The Church of England have recently proposed creating “savings clubs” in schools to teach children the value of money & how to save.
A pilot scheme is being set up in 6 schools which will run for 9 months before being rolled out across the country.
The clubs will help children to regularly save small amounts of money as well as giving them some responsibility in running the club.
Research currently suggests that children pick up their financial habits from their parents, which is fine as long as they are responsible & good savers. But in a country where talking about money is just not done it can be hard for parents to know themselves how good they are when it comes to their finances.
Teaching children to be aware of money, how it is earned & what it is used for is essential to help prepare them for life in the real world.
It is best to start young even if, like I have with my own son, you start by explaining why you go to work.
I have told him that “Mummy & Daddy go to work in order to earn money. We need money to pay for our house, our food & clothes.”
This seems to have sunk in & it is something we remind of when he complains that he misses us when we are at work or doesn’t want us to go.
A great time to talk about money might be after a special occasion when children are gifted some.
You could also explain about saving money when they request an expensive toy.
It’s a good opportunity to look at the cost, how much they have already & how much they need to be able to purchase the toy.
I can remember my mum having to explain to my brother about where money comes from when on a visit to Toys R Us when we were little. His eyes lit up & he started to ask for lots of toys. When my mum told him she couldn’t afford them all he told her to use her “magic card”. At that point my mum sat him down to explain that in order to use the “magic card” she & dad needed to have money in the bank.
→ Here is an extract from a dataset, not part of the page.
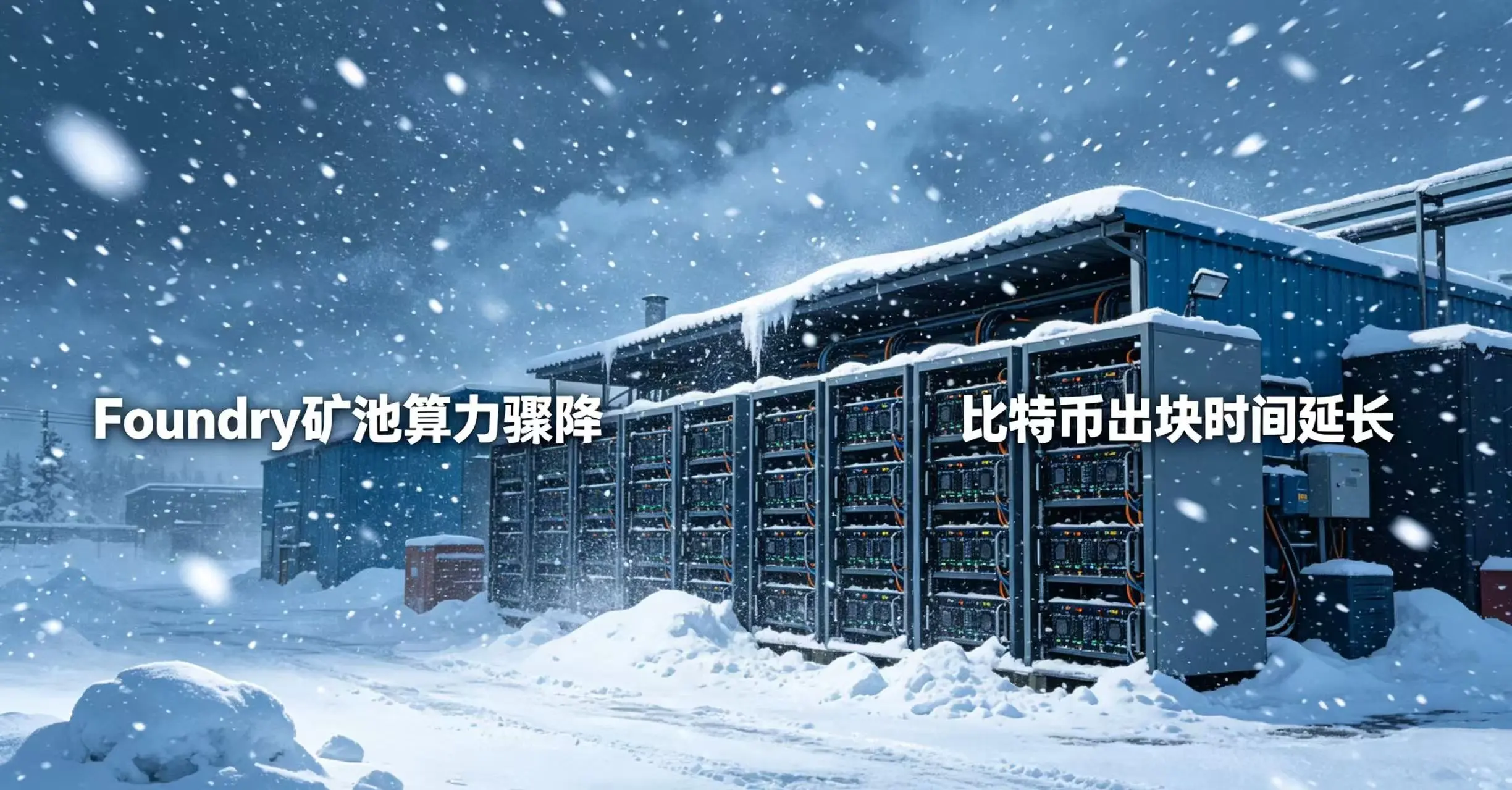 暴风雪袭击矿场，Foundry 矿池算力骤降，出块时间延长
This money was limited & wasn’t just for buying toys.
At this point my brother learnt about Want vs Need another important lesson to teach children.
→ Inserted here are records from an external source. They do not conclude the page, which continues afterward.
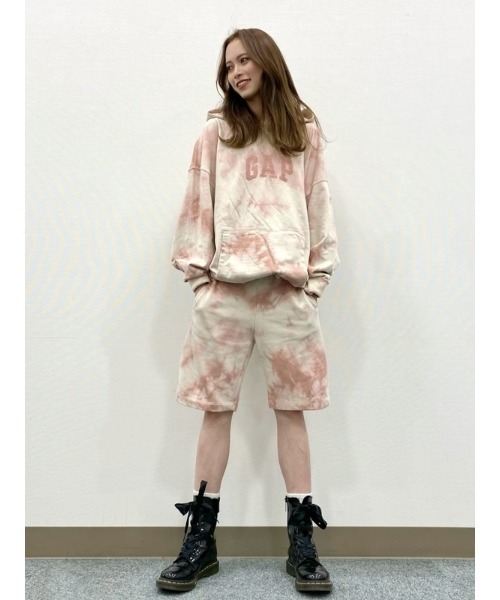 ピンク タイダイ ハーフジップパーカー セール】オーバーサイズダブルジップパーカー（パーカー）｜VIVID LADY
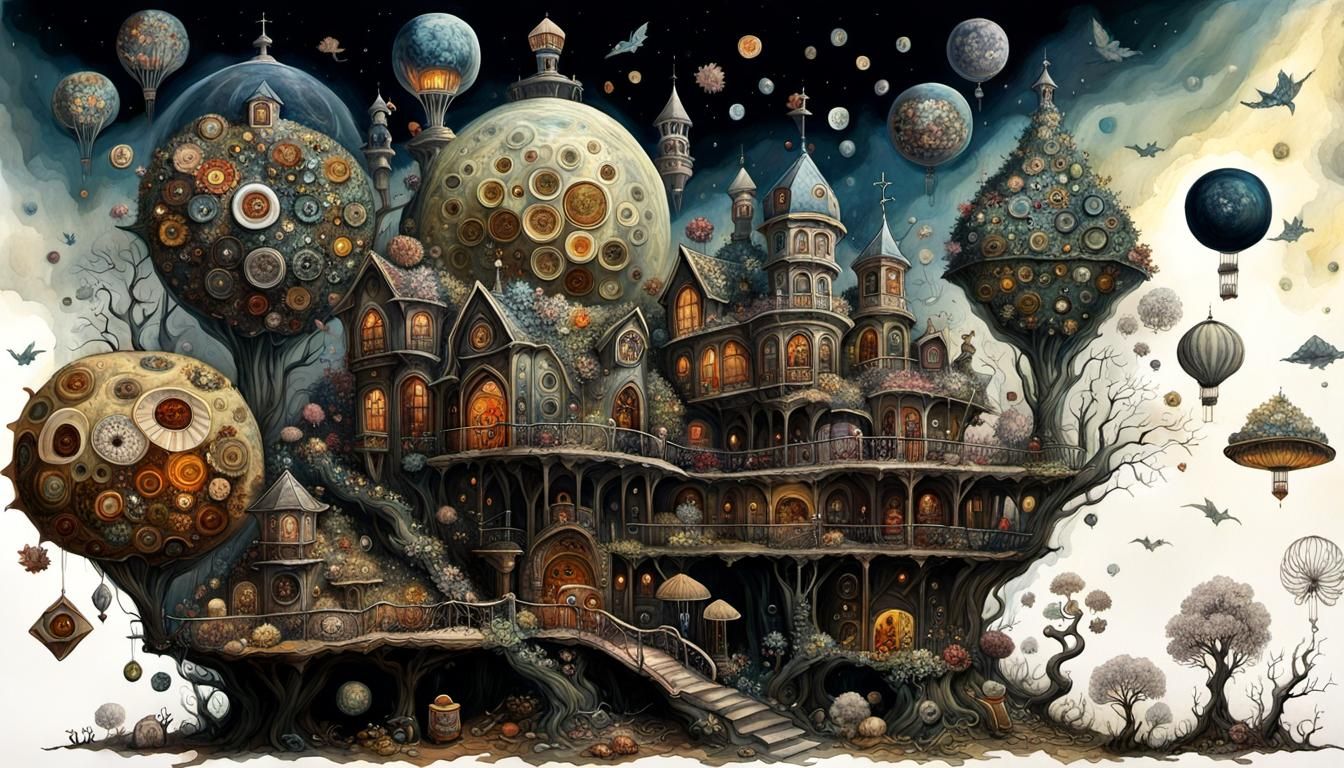 Mandelbulb Maze in Mixed Media Quilt Style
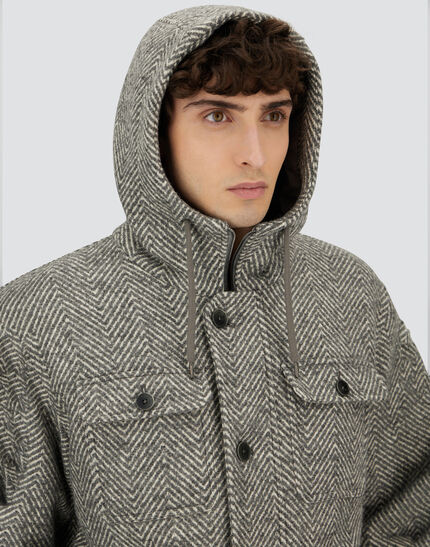LONG PARKA IN HERRINGBONE R-WOOL Light Grey 3 LONG PARKA IN HERRINGBONE R-WOOL Light Grey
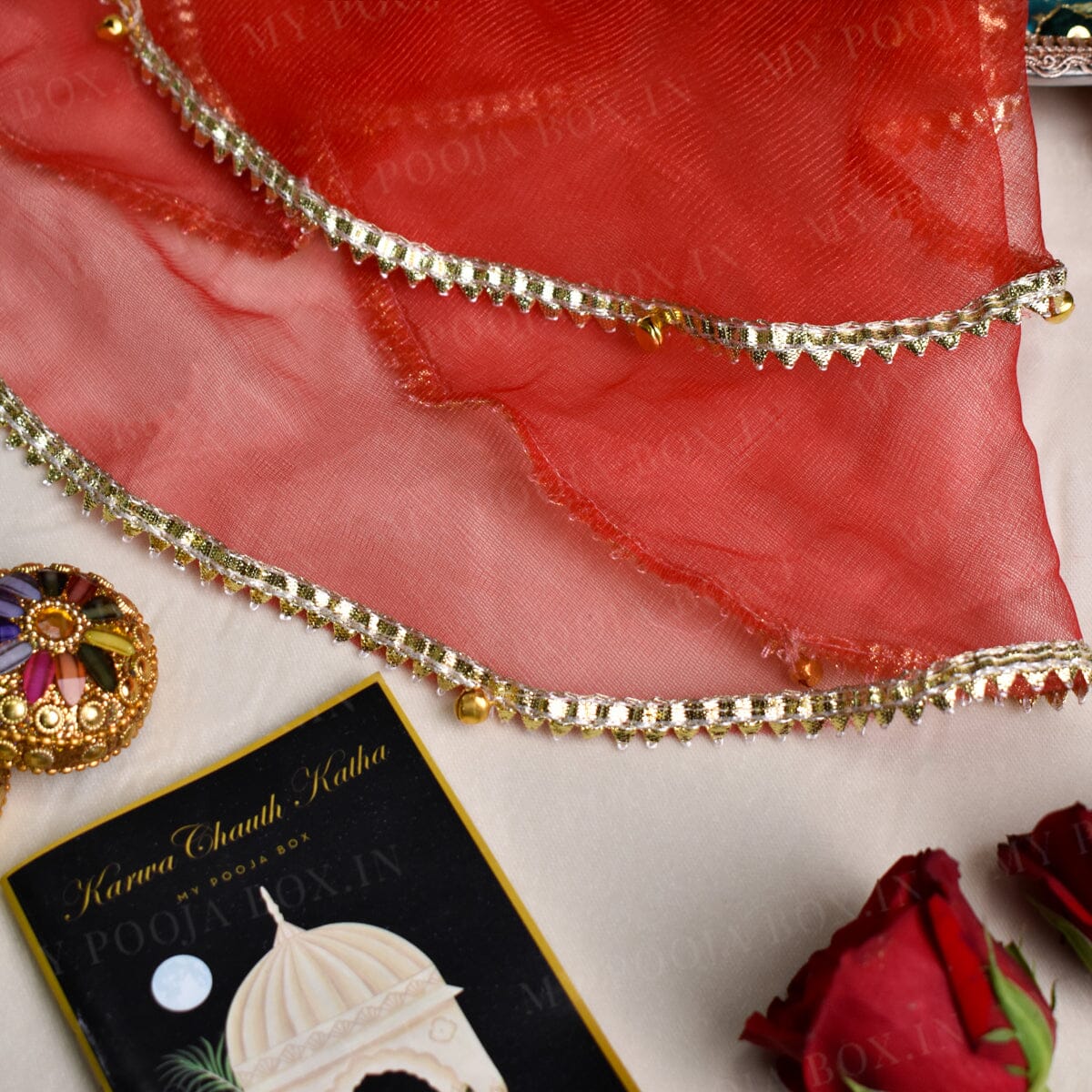 Red Gota patti Thali Cover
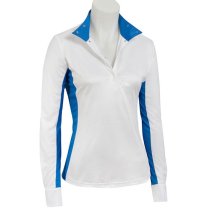 RJ Classics White Show Shirt with Blue Trim and Panels XL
Once children are at an age where they receive pocket money it can be difficult as a parent not to try & control what they spend it on.
It can be an important lesson for children to be allowed to make mistakes in what they choose to spend their money on as this will help to teach them a valuable lesson in thinking before they buy.
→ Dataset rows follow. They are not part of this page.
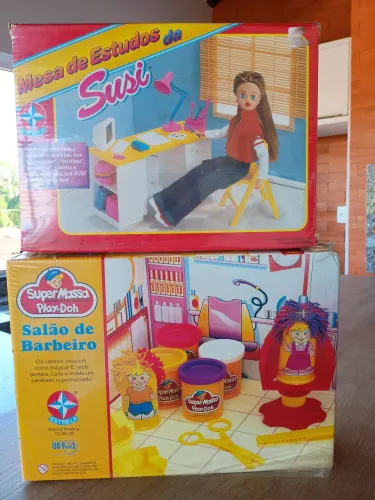 Mesa de Estudos Boneca Susi Estrelal + Super Massa Barbeiro Estrela 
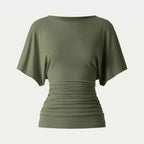 Everyday Ruched Boatneck Batwing Top
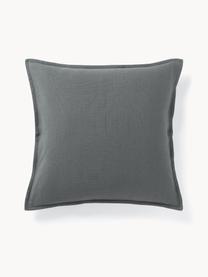 Baumwoll-Kissenhülle Vicky, 100 % Baumwolle, Dunkelgrau, B 50 x L 50 cm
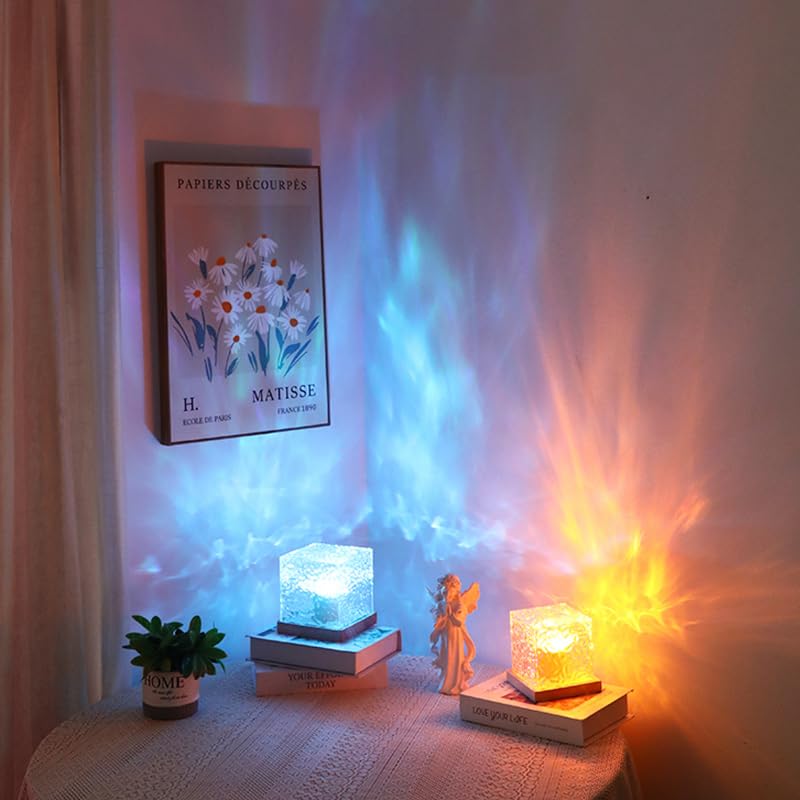 ZLDYPINK Ocean Wave Projector Light, 16 Colors Luminorthe Cube Lamp, 3D Holographic Water Ripple Lamp with Remote Control,...
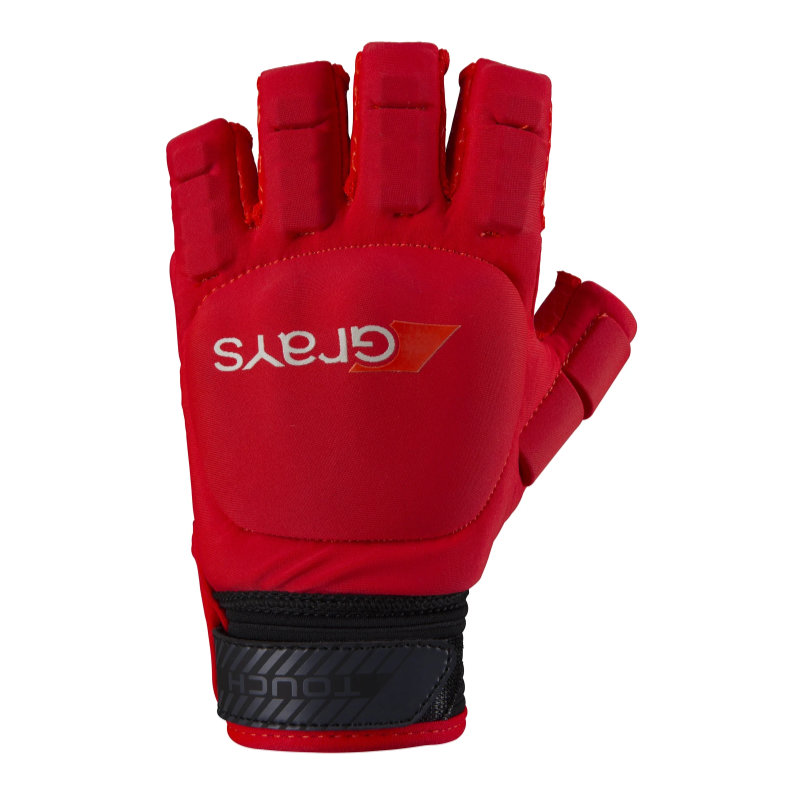 Grays Touch Guantes Hockey Gloves Rojo y Negro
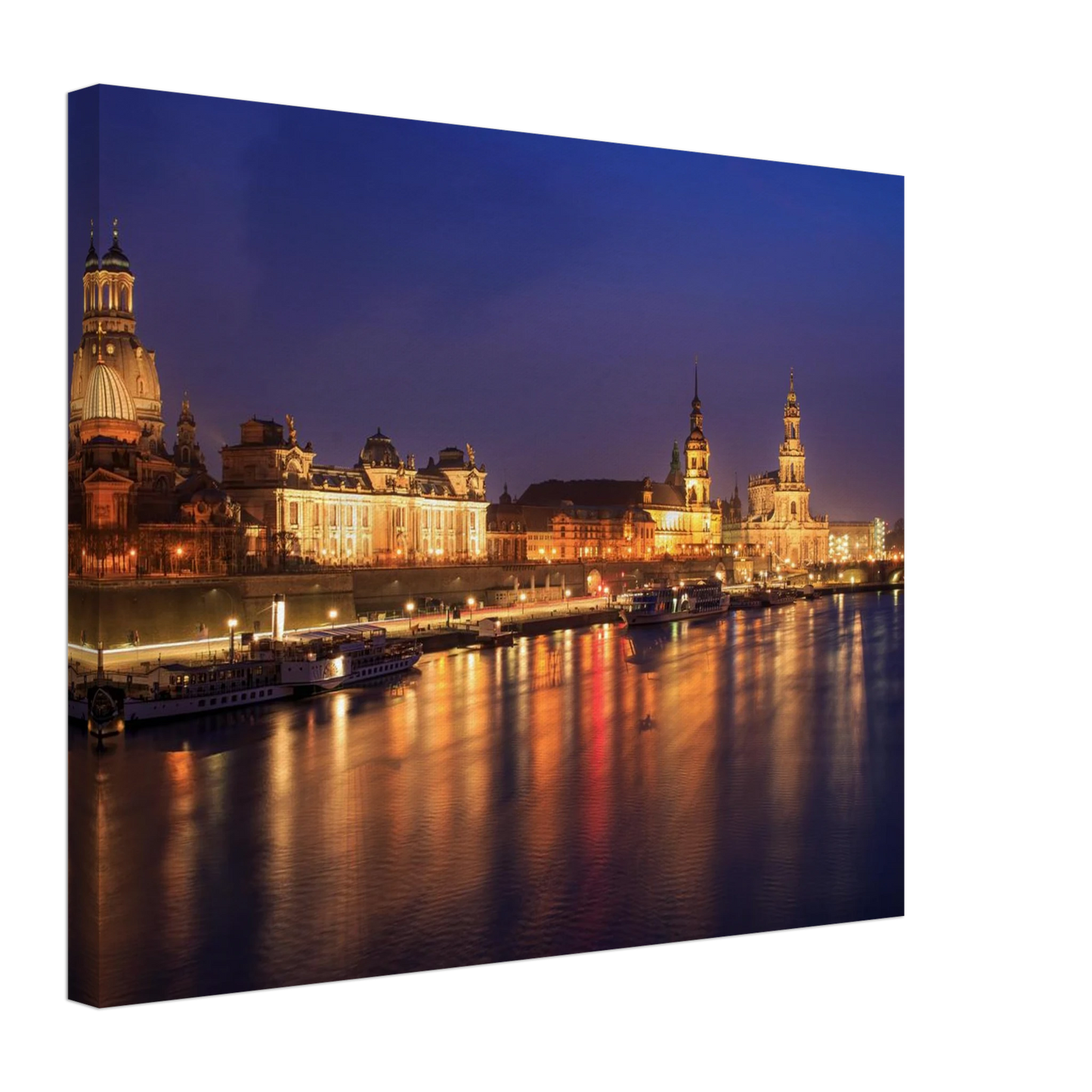 Wandbild romantisches dresden bei nacht malerischer elbblick mit goldenen lichtern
Allowing a child to feel the disappointment of making a mistake will mean the lesson will endure far longer than being told not to do something. Lets face it, telling a child not to do something only ever creates curiosity!
As any parent will know leading by example is also a good foundation for teaching children valuable lessons & (as said above) research agrees.
Being responsible with money is important not only to show your children how to treat it but to also provide a stable home & family environment as well.